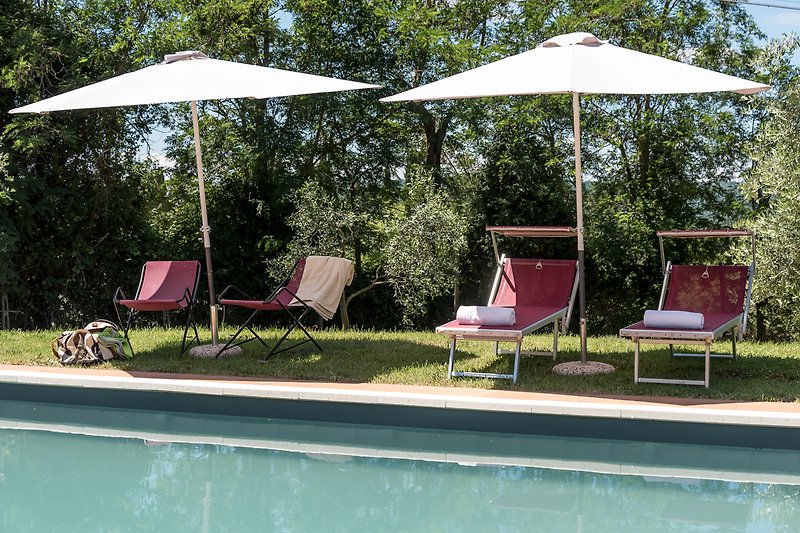 Entspannen Sie im Schatten am Pool mit Blick auf die grüne Landschaft und genießen Sie die Sonne.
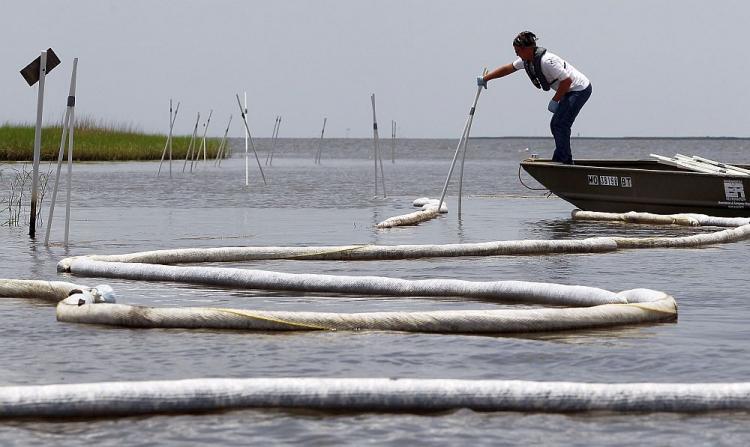 <a><img src="https://www.theepochtimes.com/assets/uploads/2015/09/oil-boom-102983028.jpg" alt="A worker makes adjustments to oil boom July 19 near Pointe Aux Chenes, La. The Pointe-au-Chien Indian tribe has lived along the threatened marshes for more than 100 years and make their livelihood on the water. (Mario Tama/Getty Images)" title="A worker makes adjustments to oil boom July 19 near Pointe Aux Chenes, La. The Pointe-au-Chien Indian tribe has lived along the threatened marshes for more than 100 years and make their livelihood on the water. (Mario Tama/Getty Images)" width="320" class="size-medium wp-image-1812832"/></a>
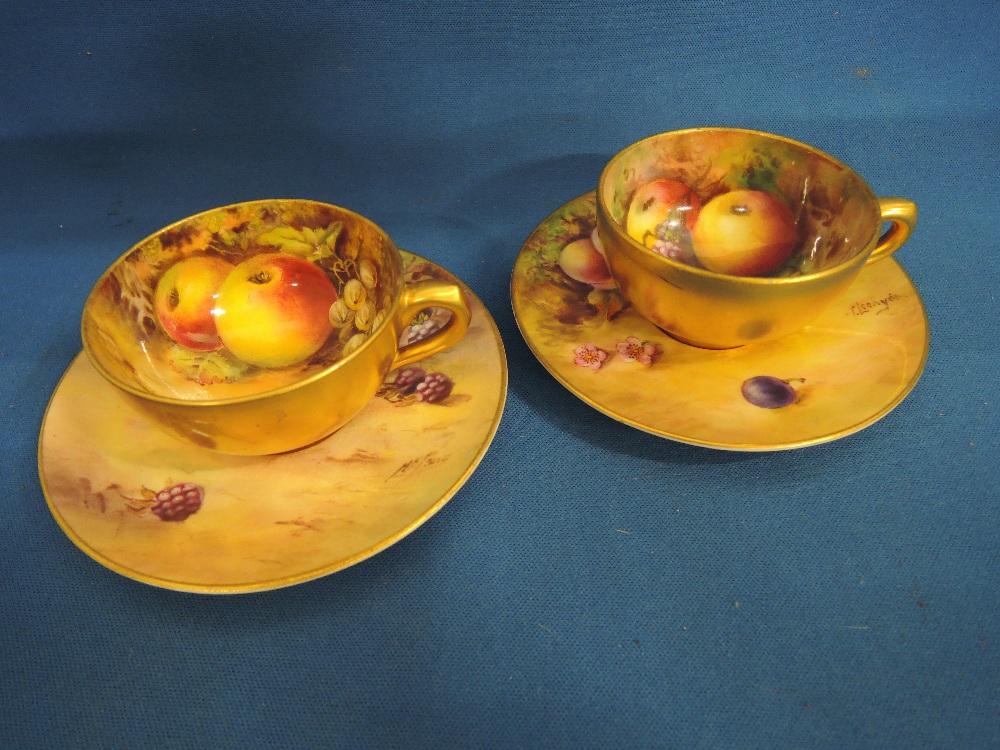 A pair of Royal Worcester cabinet cup and saucers having painted still life decoration by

# WORK INSTRUCTIONS
Please retype all of the material exactly, skipping whatever images it holds.

# SOLUTION FOR THIS PROBLEM
 Entspannen Sie im Schatten am Pool mit Blick auf die grüne Landschaft und genießen Sie die Sonne.
 <a><img src="https://www.theepochtimes.com/assets/uploads/2015/09/oil-boom-102983028.jpg" alt="A worker makes adjustments to oil boom July 19 near Pointe Aux Chenes, La. The Pointe-au-Chien Indian tribe has lived along the threatened marshes for more than 100 years and make their livelihood on the water. (Mario Tama/Getty Images)" title="A worker makes adjustments to oil boom July 19 near Pointe Aux Chenes, La. The Pointe-au-Chien Indian tribe has lived along the threatened marshes for more than 100 years and make their livelihood on the water. (Mario Tama/Getty Images)" width="320" class="size-medium wp-image-1812832"/></a>
 A pair of Royal Worcester cabinet cup and saucers having painted still life decoration by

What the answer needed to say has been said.